果物や野菜も体には非常に良いのですが、摂取の仕方によっては酸蝕症になる可能性が高くなります。美容関連でビタミンCが美白や抗酸化作用に効果があるとよく聞きますが、歯に関してはそれが当てはまらないのが事実です。とあるケースでは、スライスしたレモンを上唇と歯の間に挟み、ジョギングをするとホワイトニング効果があるとネットで見た方が実践したところ、レモンに含まれる強い酸によりエナメル質が溶け出し、やがて象牙質まで露出してしまったそうです。ネットで見かけ、歯を白くする効果を期待して行なった結果、このような結果になってしまいました。同様に、レモンのすりおろしで歯を磨くことも歯が溶けてしまう恐れがあり非常に危険です。なお、歯科医院で行われるホワイトニングは過酸化水素水などが使われており、酸は使用していないため、歯が溶ける心配はいりません。

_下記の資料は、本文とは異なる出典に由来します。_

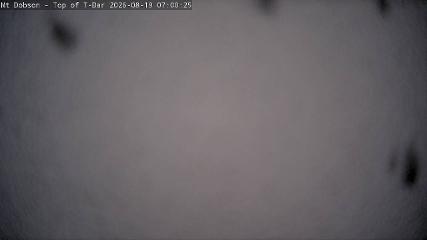 Mount Dobson webcam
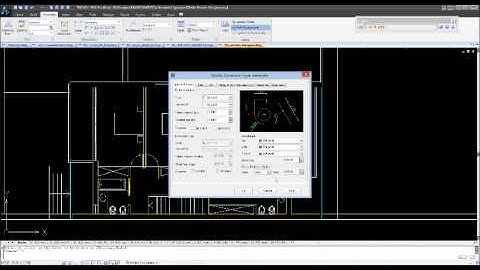 Como utilizar as cotagens associativas no ZWCAD. (www.zwcad.pt/zwcad.html)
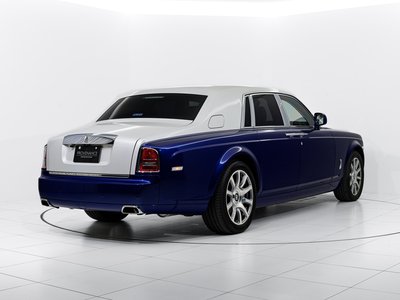 ROLLS-ROYCE PHANTOM - 5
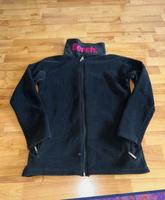 Schwarze Damen, Bench , Fließjacke, Größe XXL Berlin - Treptow Vorschau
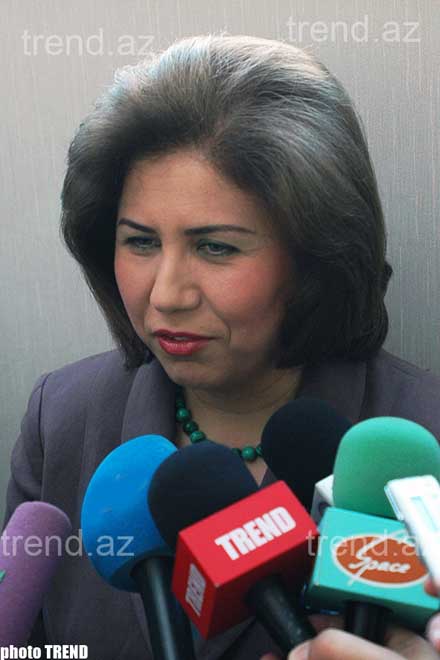 Deputy Speaker:  Azerbaijani, Armenian MPs probable to meet
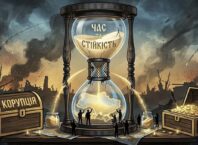 Запитання без відповіді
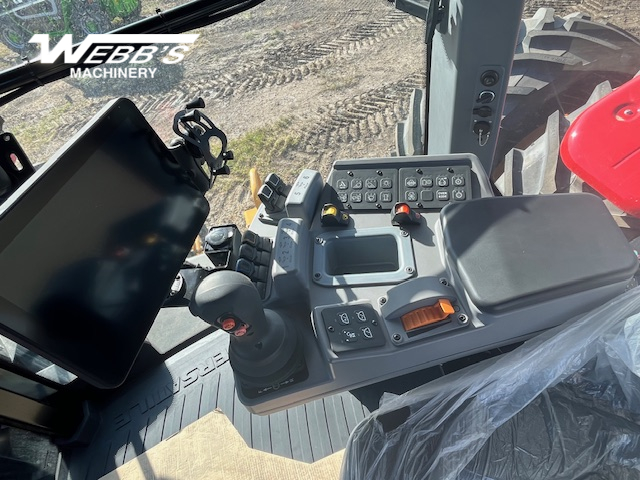 2024 Versatile 620 Tractor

意外に知られていませんが、有名なうがい薬も、実は酸性度が高く、常用すると酸蝕症になる可能性があります。一部ネットで「うがい薬は歯周病予防に効果がある」と言われていますが、それだけで歯周病を予防できるとは言い切れないでしょう。歯周病を予防するにはやはりプラークコントロールです。あるうがい薬のpHは2~2.5で、コーラとほぼ変わらない酸性度です。口の中の殺菌、消毒作用として効果は高いですが、歯と歯の間にうがい薬が残ってしまい、着色だけでなく強い酸のために歯が溶けてしまうことがあるのです。抜歯後の消毒や風邪気味でのどの調子が悪い時など、症状に応じて使うことは効果的ですが、日常的に使用するのは避けたほうが賢明と言えるでしょう。


歯科医院でできる患者への注意喚起

歯科医院でできる患者への注意喚起

歯科医院が日常のセルフケアを説明することで、患者の酸蝕症に対する正しい知識習得とともに間違った情報を取り入れる防止策に繋がります。酸性の強い飲食物を摂取したあとは水で口をすすぎ、お茶や牛乳など、中性に近い飲料などを摂取し、口の中の酸を中和させること、また歯磨きは、酸でエナメル質が削れやすい状態になっているため、食後30分ほど経ってから行なうことが酸蝕症予防になります。また、唾液は酸を中和してくれる作用があるため、唾液を分泌しやすいよう日頃からよく噛んで食べること、デンタルガムなどを噛むことなども効果的です。歯科医院からこういった指導を受けることで、患者はネットから得る情報を容易に取り入れなくなるでしょう。


まとめ

このようにネットでの間違った情報は、取り返しのつかない結果となってしまうことがあります。歯科医院は症例などをあげながら、正しい情報を伝えることで注意喚起を図ることが大切です。飲食物の酸性一覧表などを患者に渡す、あるいはホームページやブログなどに載せて伝えると、既存患者はもちろん、ネットを見る人も正しい情報を得ることができ、酸蝕症に対する意識が高まることが期待できます。